How to counter frauds?
Based on my research, which examines how advanced statistical and probabilistic techniques could better detect fraud, sequential analysis – coupled with new technology – holds the key.
Thanks to the continuous monitoring of cardholder expenditure and information – including the time, amount and geographical coordinates of each purchase – it should be possible to develop a computer model that would calculate the probability that a purchase is fraudulent. If the probability passes a certain threshold, the card issuer would be issued an alarm.
The company could then decide to either block the card directly or undertake further investigation, such as calling the consumer.
The strength of this model, which applies a well-known mathematical theory called optimal stopping theory to fraud detection, is that it aims at either maximising an expected payoff or minimising an expected cost. In other words, all the computations would be aimed at limiting the frequency of false alarms.
My research is still underway. But, in the meantime, to reduce significantly the risk of falling victim to credit card fraud, here are some golden rules.

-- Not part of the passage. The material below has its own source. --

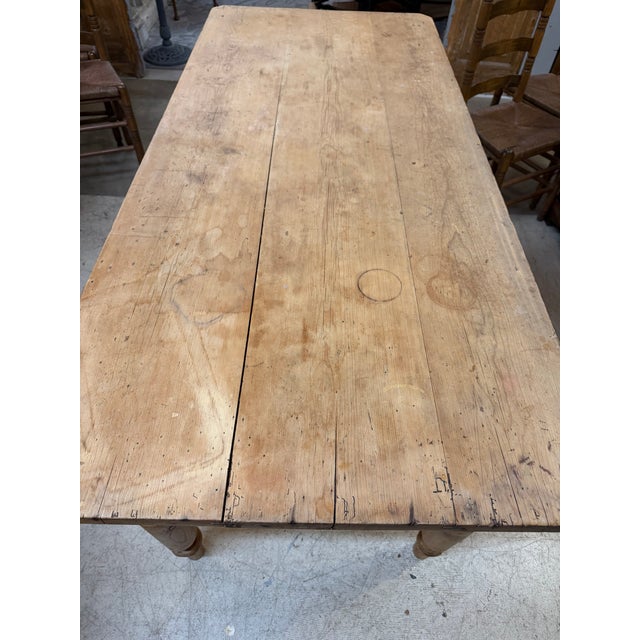Early 20th Century Antique Pine Farm Table With Drawer at Each End. Great Patina For Sale - Image 5 of 10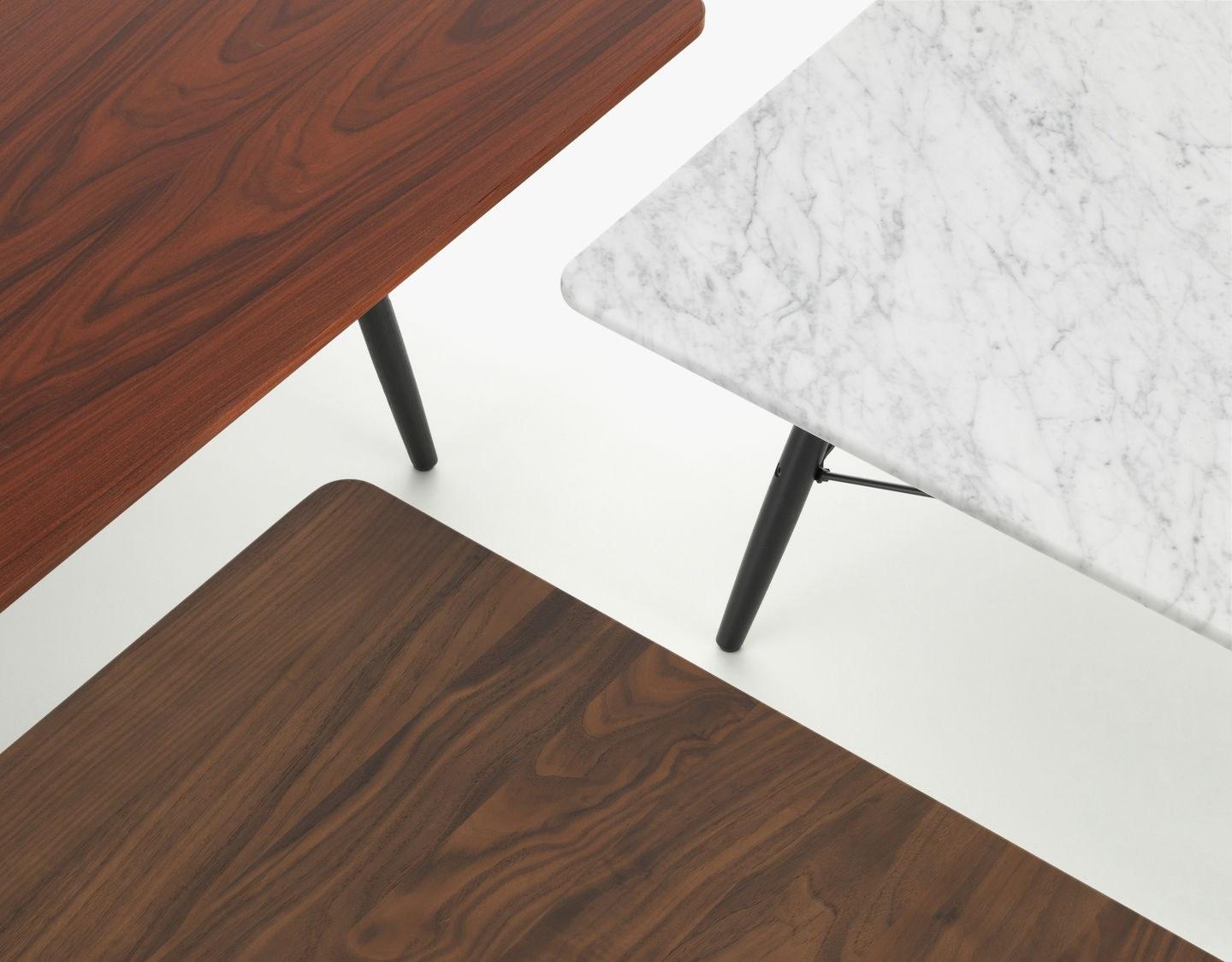 EAMES COFFEE TABLE Square coffee table with solid American walnut top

- First, never click on links in emails that ask you to provide personal information, even if the sender appears to be your bank.
- Second, before you buy something online from an unknown seller, google the vendor’s name to see whether consumer feedback has been mainly positive.
- And, finally, when you make online payments, check that the webpage address starts with https://, a communication protocol for secure data transfer, and confirm that the web page does not contain grammatical errors or strange words. That suggests the webpage may be a fake, designed solely to steal your financial data.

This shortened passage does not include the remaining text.